* _What needs to be done_: Would you retype the listing word for word, skipping its pictures?

* _Records to process_:

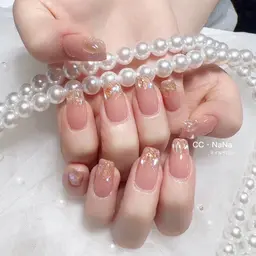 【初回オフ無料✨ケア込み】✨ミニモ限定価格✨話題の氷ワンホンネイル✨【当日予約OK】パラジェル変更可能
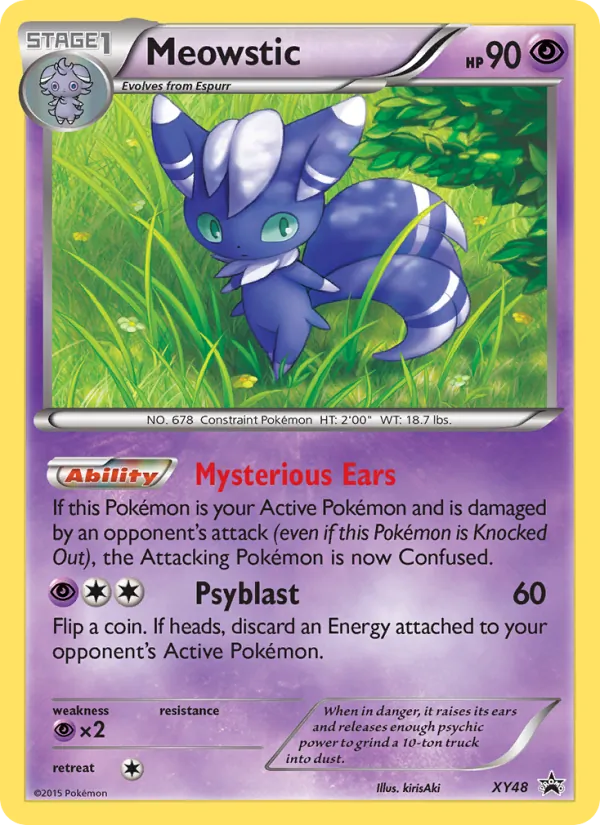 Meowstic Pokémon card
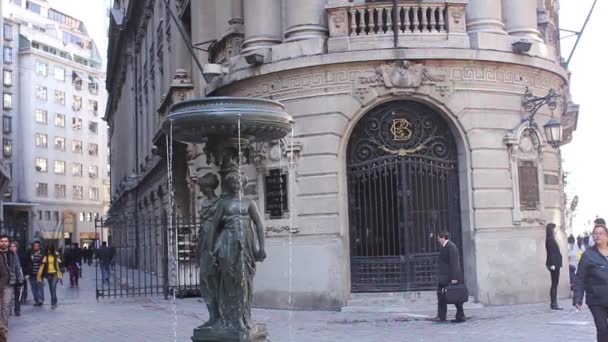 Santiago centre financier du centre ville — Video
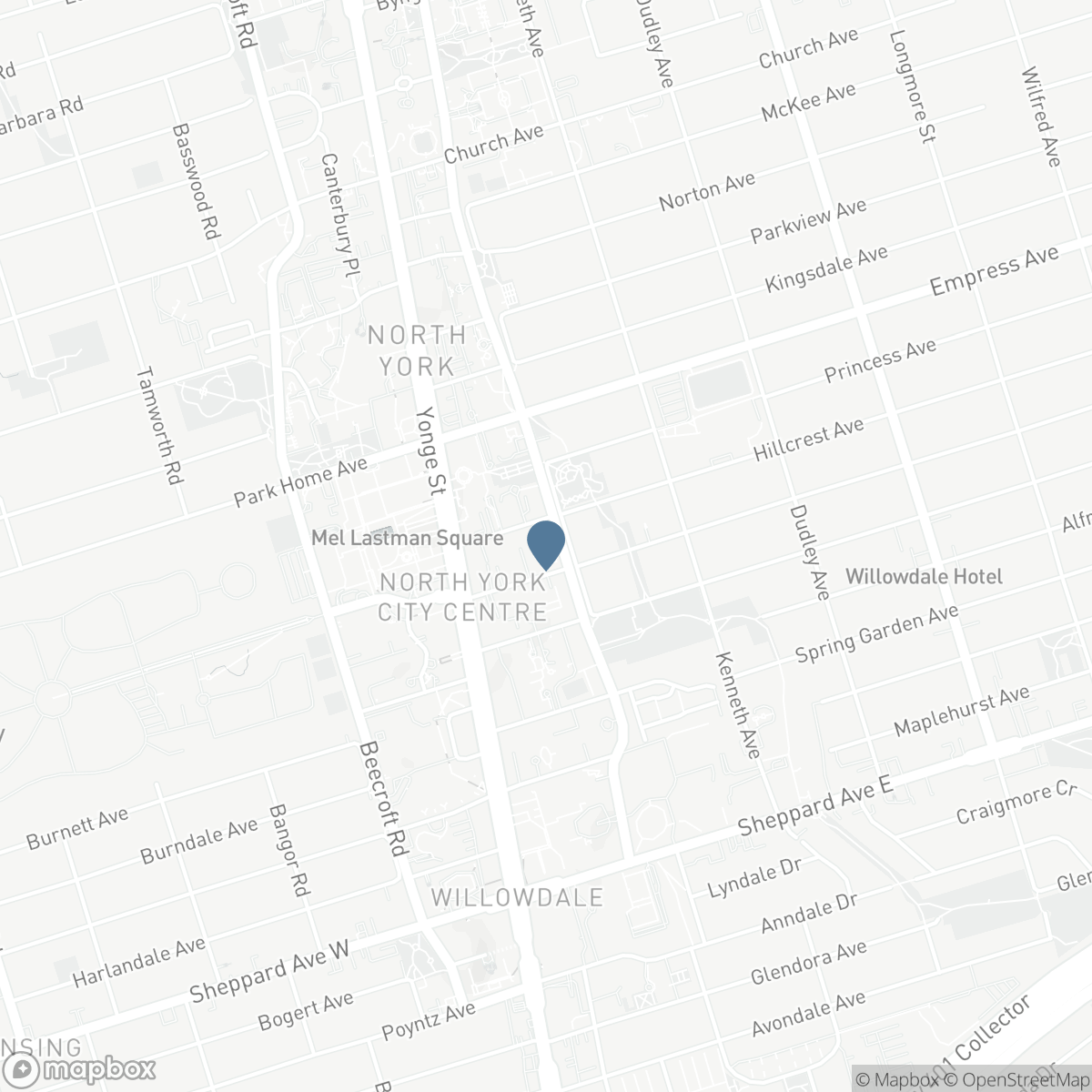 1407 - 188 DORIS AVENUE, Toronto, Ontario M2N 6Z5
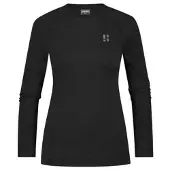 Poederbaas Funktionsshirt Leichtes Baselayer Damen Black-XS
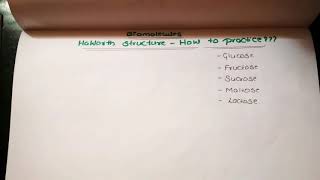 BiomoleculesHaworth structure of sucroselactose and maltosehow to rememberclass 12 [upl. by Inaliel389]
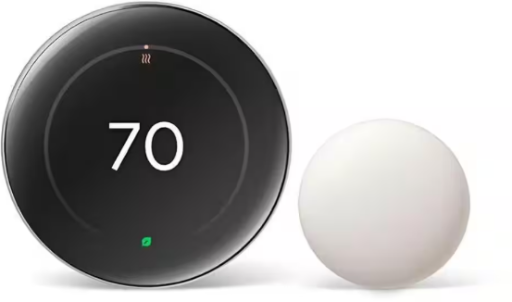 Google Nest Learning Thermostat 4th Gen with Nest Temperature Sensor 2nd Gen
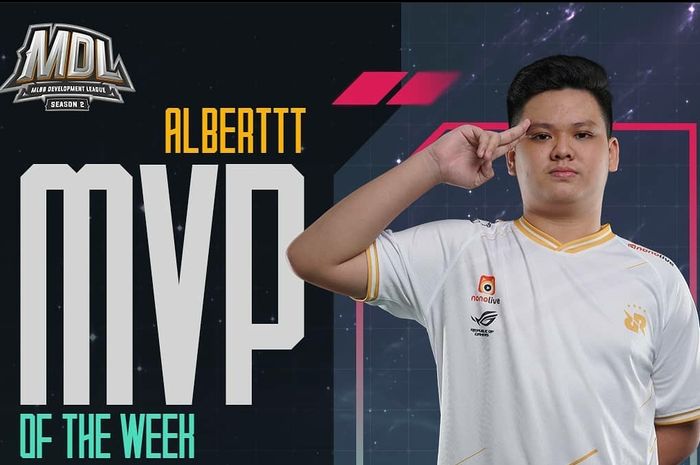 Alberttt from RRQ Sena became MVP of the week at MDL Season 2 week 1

* _Solved exercise_:
 【初回オフ無料✨ケア込み】✨ミニモ限定価格✨話題の氷ワンホンネイル✨【当日予約OK】パラジェル変更可能
 Meowstic Pokémon card
 Santiago centre financier du centre ville — Video
 1407 - 188 DORIS AVENUE, Toronto, Ontario M2N 6Z5
 Poederbaas Funktionsshirt Leichtes Baselayer Damen Black-XS
 BiomoleculesHaworth structure of sucroselactose and maltosehow to rememberclass 12 [upl. by Inaliel389]
 Google Nest Learning Thermostat 4th Gen with Nest Temperature Sensor 2nd Gen
 Alberttt from RRQ Sena became MVP of the week at MDL Season 2 week 1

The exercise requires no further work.